At
the same time, reading great writers explaining their craft can refine, retool,
and re-envision how we approach crafting a sermon, how our phrases and sentence
actually happen, and some big goofs we should avoid. My favorites?
Annie Dillard’s The Writing Life
is brief, packed with wisdom, and humbling in a way that helps me feel better
about my struggles to get the Gospel (which she never mentions) onto paper and
then voiced out loud. Anne Lamott’s Bird by Bird (which is the origin of the
much-quoted and misquoted “If you want to make God laugh, tell her your plans”)
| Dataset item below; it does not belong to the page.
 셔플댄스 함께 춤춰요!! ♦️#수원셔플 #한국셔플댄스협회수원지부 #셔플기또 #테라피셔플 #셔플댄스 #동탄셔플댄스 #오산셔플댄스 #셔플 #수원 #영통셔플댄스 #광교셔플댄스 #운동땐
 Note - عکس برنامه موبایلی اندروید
similarly delves into the whole thought process, which is really a life
process, a learning to observe, being attentive to and reflective on your life
and the world swirling around you.
Stephen King’s On Writing is a
happy jaunt through the habits and principles of what it is to think and
write. And there are more.
Recently I stumbled across a relatively
new one I’d missed somehow, just five years old: Good Prose: The Art of Nonfiction, by Tracy Kidder and Richard
Todd. It’s mostly Kidder, whom I have
admired so much for several things, especially his riveting retelling of how
Paul Farmer became Paul Farmer (in Mountains
Beyond Mountains). Todd served for
years as Kidder’s editor, and contributes a bit to the book. As I read Kidder’s recollection of how he has
labored to write well, and his wisdom and counsel for other writers, I kept
scribbling in the margin “Preaching!”
Let me share some of his most provocative insights.
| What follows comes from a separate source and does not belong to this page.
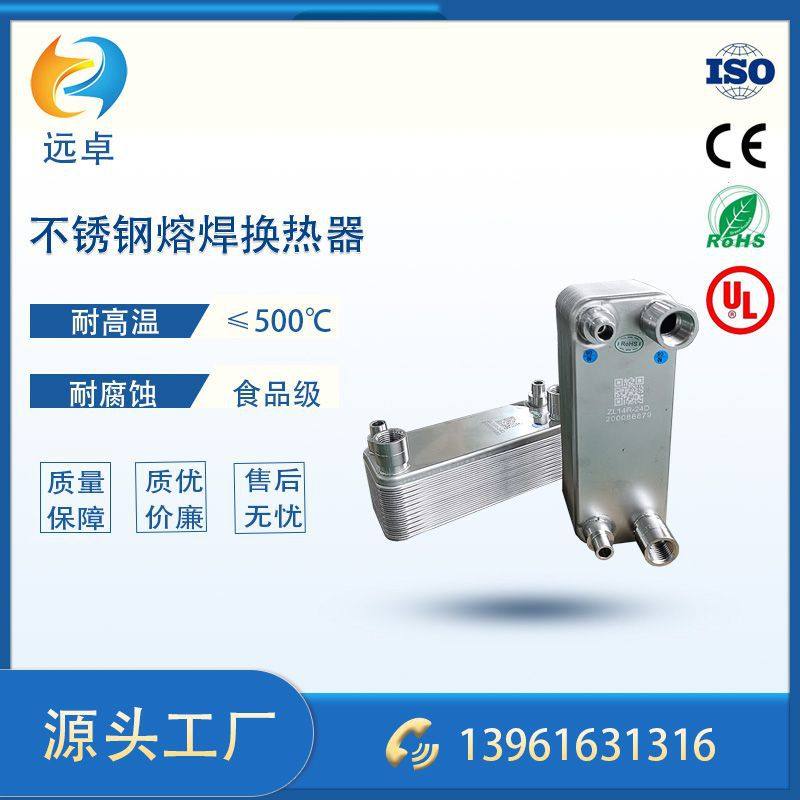 江苏远卓源头工厂R系列食品级推荐降温用不锈钢熔焊换热器,清洗/食品/商业设备,冷凝器,淘宝优惠券,粉丝福利购,淘宝优惠卷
See why page 1 grabbed my attention: “To
write is to talk to strangers. You want them to trust you. You might well begin
by trusting them – by imagining for the reader an intelligence at least equal
to the intelligence you imagine for yourself. No doubt you know some things
that the reader does not know, but it helps to grant that the reader has
knowledge unavailable to you.”
Wow. Preaching is all about trust – and
involves us trusting them, believing they know plenty we don’t know. I was taught you know way more, and preaching
is an attempt to download into them.
Kidder explains how great writing creates a dialogue, in which you
expect, anticipate and even articulate their questions, critique, and maybe
their assent.
I remember Frederick Buechner’s
fascinating riff (in Telling the Truth)
on that pregnant moment just before the first word of a sermon – how the
preacher notices his mouth is dry, and the people are settling into their
seats, worried about their issues and secrets, and so how crucial is that very
first sentence. Kidder feels the start
is overrated. Start slow and soft, he
advises – and yet it can’t be awful or confusing: “You can’t make the reader
love you in the first sentence or paragraph, but you can lose the reader right
away.”
You
can lose the people out there in many ways.
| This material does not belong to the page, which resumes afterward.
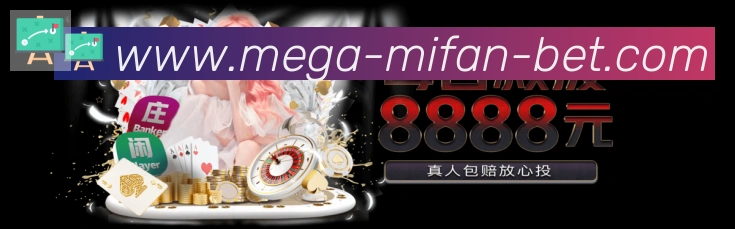 秘饭直播APP 封面图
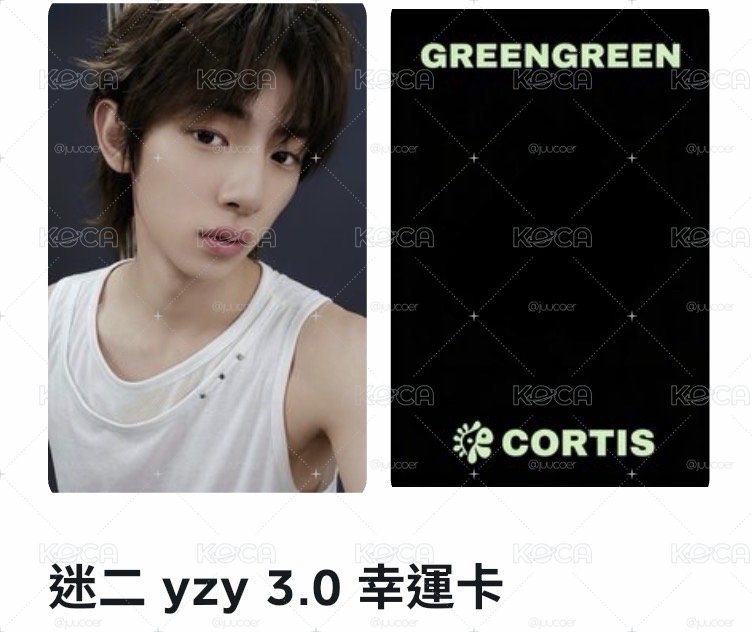 yzy3.0現貨線下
One is what Kidder calls the “desire to impress” – which he believes
emerges from a terror that you might bore the reader. “Much overstuffed prose reflects a desire to
bully, to impress, or to hide… Inflation of language is sometimes not a boast
but cosmetic for insecurity.” Kidder
believes that what the reader wants is simpler – to believe that you are
“trying.” I love that. Pew-sitters want to sense you’re trying to
speak a word from God. Again, it’s all
about trust. If you get that trust,
Kidder believe, “trust and disagreement can coexist.” Too many preachers fear or hope to squash
disagreement. Kidder invites it.
I was struck by Kidder’s obsession with
factuality. Check dates, people, quotes
(who really said that? and do I have it down right?). There are facts – and Kidder pleads with
writers never to slide down into the abyss of subjectivity, suggesting things
like “If it’s true for you, then it’s true,” which he calls “the quagmire of postmodern
nihilism,” and noticing how “subjectivity absolves people of responsibility for
action.” If this is true for a
nonfiction essayist, a journalist, or a novelist, how much more is this true
for a preacher? And yet Kidder shudders
over the notion of dogmatic absolutism – which gives the reader no space to
disagree or respond. This fine balance
must be learned, tested and honed by the preacher, week after week.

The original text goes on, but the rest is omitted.